Kirkpatrick writes:
[C]onservatives say [Sotomayors'] strong identification with . . . race-based approaches to the law is perhaps the strongest argument against her confirmation, contending that her views put her outside an evolving consensus that such race-conscious public policy is growing obsolete.
. . . [M]any civil rights groups say, Judge Sotomayor’s confirmation could provide an anchor against the current direction of the Supreme Court under Chief Justice John G. Roberts Jr., who has led the more conservative bench toward a sweeping re-examination of government reliance on racial classifications, whether in school desegregation plans or landmark voting rights laws. “The way to stop discrimination on the basis of race is to stop discriminating on the basis of race,” Chief Justice Roberts wrote in 2007, summing up his approach in one of the most memorable lines of his opinions.
(Emphasis supplied.) Who elected Chief Justice Roberts to decide these questions? These are best left to the elected bodies. Indeed, the Constitution demands such an approach. Certainly, an honest advocate of judicial restraint would say so. But extreme conservatives like Chief Justice Roberts are not judicial minimalists or advocates for judicial restraint. They are instead brazen judicial activists, unable to respect the Constitution, the decisions of the elected representatives of the people and instead are intent on dictating policy on these issues. The era of extreme conservative judicial activism, a new era of conservative Lochnerism, is upon us.
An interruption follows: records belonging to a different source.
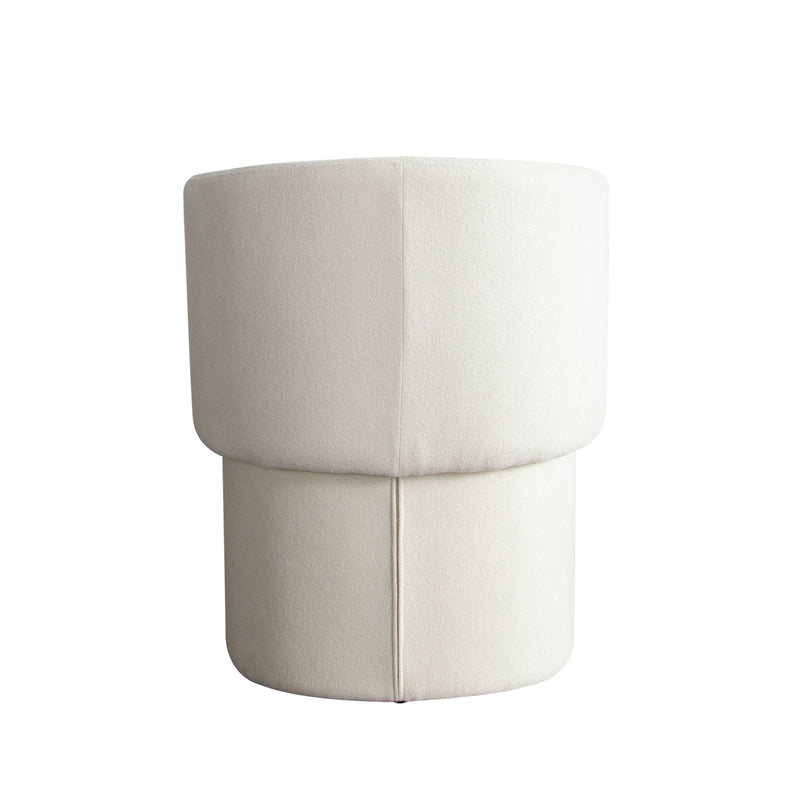 Tess Barrel Back Dining Chair-zoom-
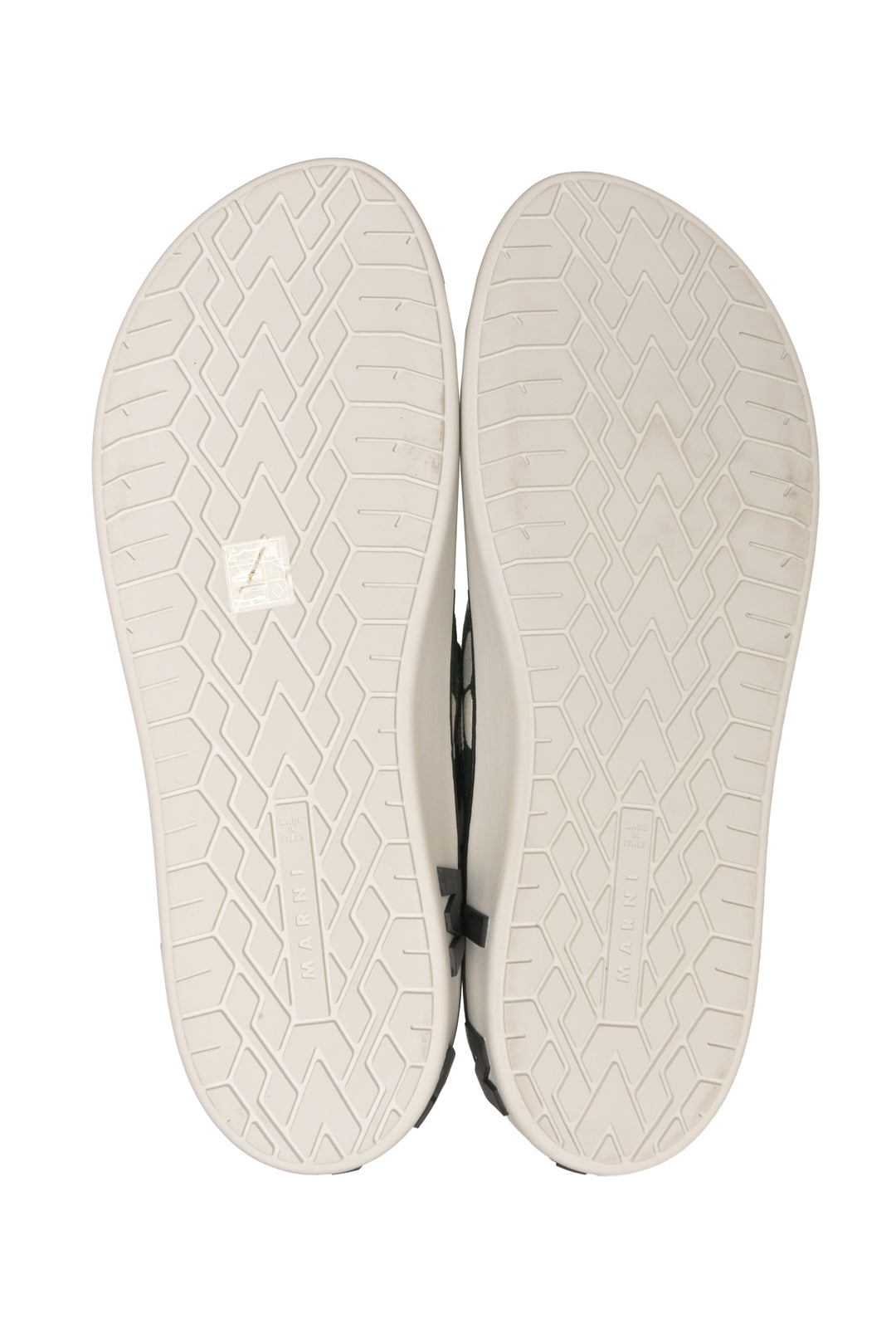 Marni x Carhartt WIP Size 45 Men's Paw Floral Slip On Sneaker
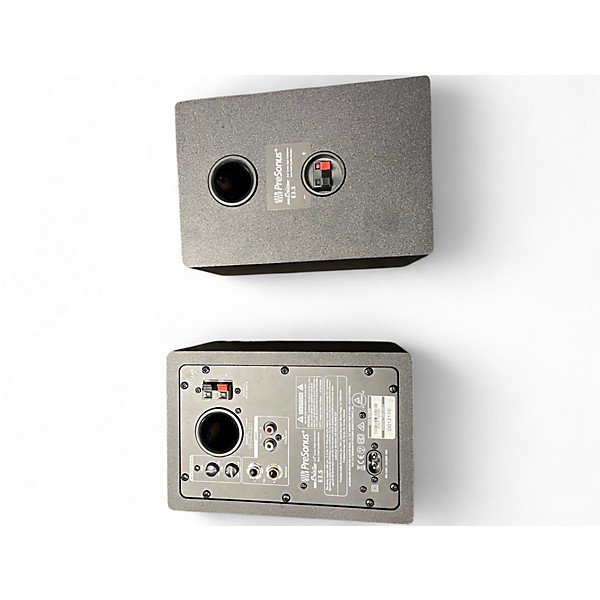 Used PreSonus Eris E3.5 Pair Powered Monitor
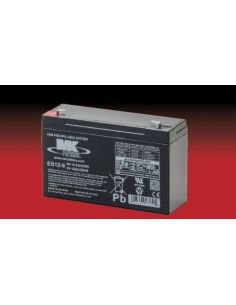 Batería MK Powered ES12-6V 12 Ah (C20)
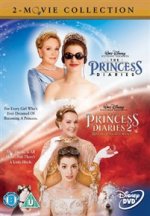 Princess Diaries/Princess Diaries 2 - Royal Engagement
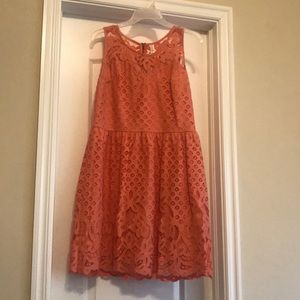 Spring dress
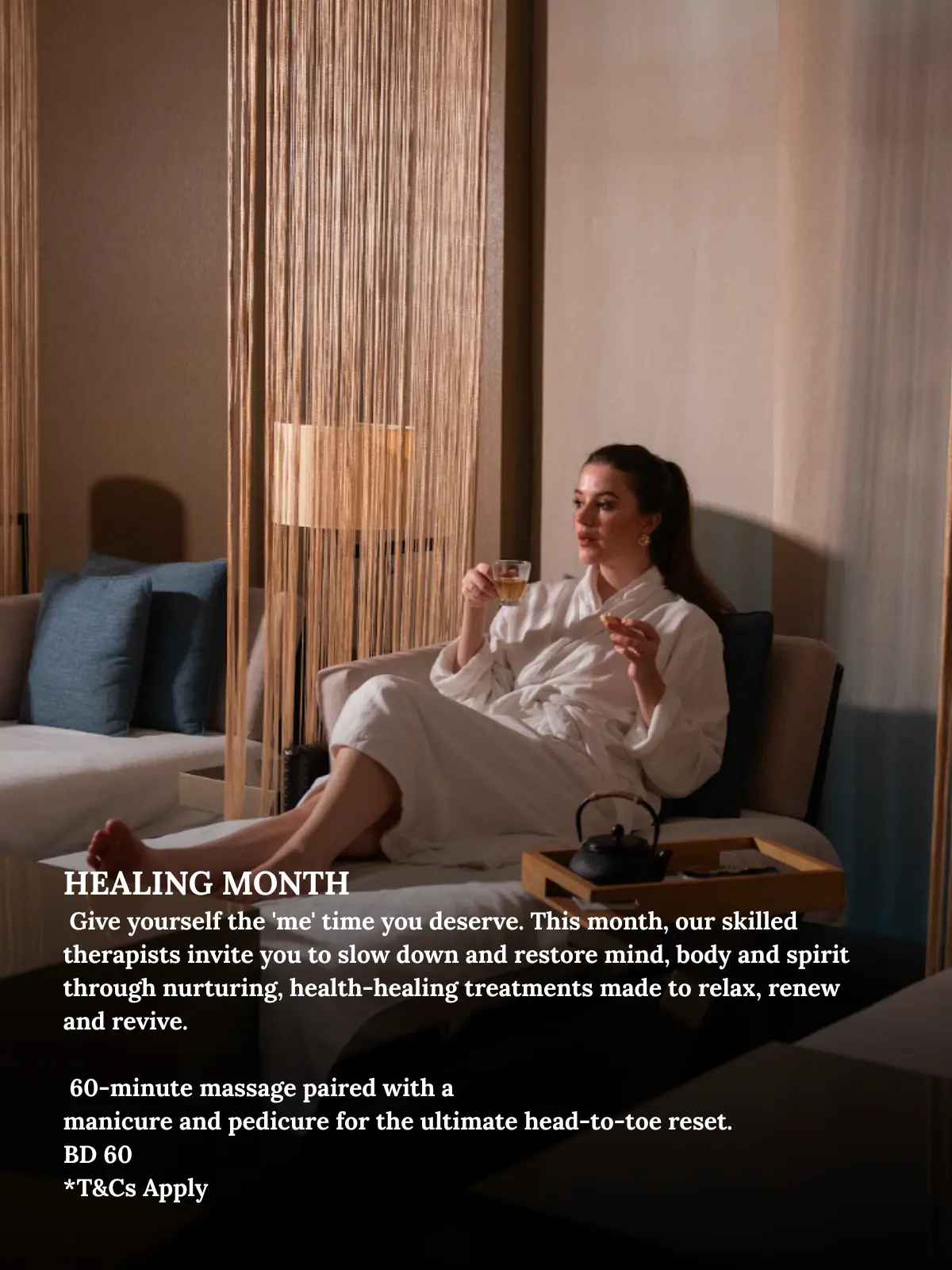 Midday Calm at Gulf Spa & Salon cover image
And its leader is Chief Justice John Roberts, as extreme a judicial activist as has been seen on the Court for some time.
Consider this from Kirkpatrick's article:
Samuel Issacharoff, a professor at New York University Law School, said, “
There is a tendency to say ‘The time has run, things are different, change has happened,’ ” adding, “It is an emerging theme of the Roberts court.”
(Emphasis supplied.) It is for the elected officials in the country to determine "the time has run" to address racism in our society. It is decidedly NOT the province of the Court. Only a brazen judicial activist would decide that it was proper for the Court to dictate policy issues that are clearly and expressly the province of the Congress and other elected bodies.
But the extreme conservatives are demanding judicial activism on the issue:
“[Sotomayor's] nomination and the Ricci case have brought racial quotas back as a national issue," said Mr. Marx of the Judicial Confirmation Network.
May I suggest that if people like Mr. Marx feel this way, that the place to fight that battle is in the Congress. After all, the Riccci case involved a federal law - Title VII of the Civil Rights Act. After all, Section 5 of the Fourteenth Amendment to the Constitution states:
Section 5. The Congress shall have power to enforce, by appropriate legislation, the provisions of this article.
Originalists, textualists and advocates of judicial restraint should be able to understand the plain meaning of that text -- it is up to the Congress, NOT the Court, to determine when "the time has run." Chief Justice Roberts and his cohorts in extreme conservative circles have no respect for the Constitution. They will seek to impose their preferred policies no matter what the plain text of the Constitution says.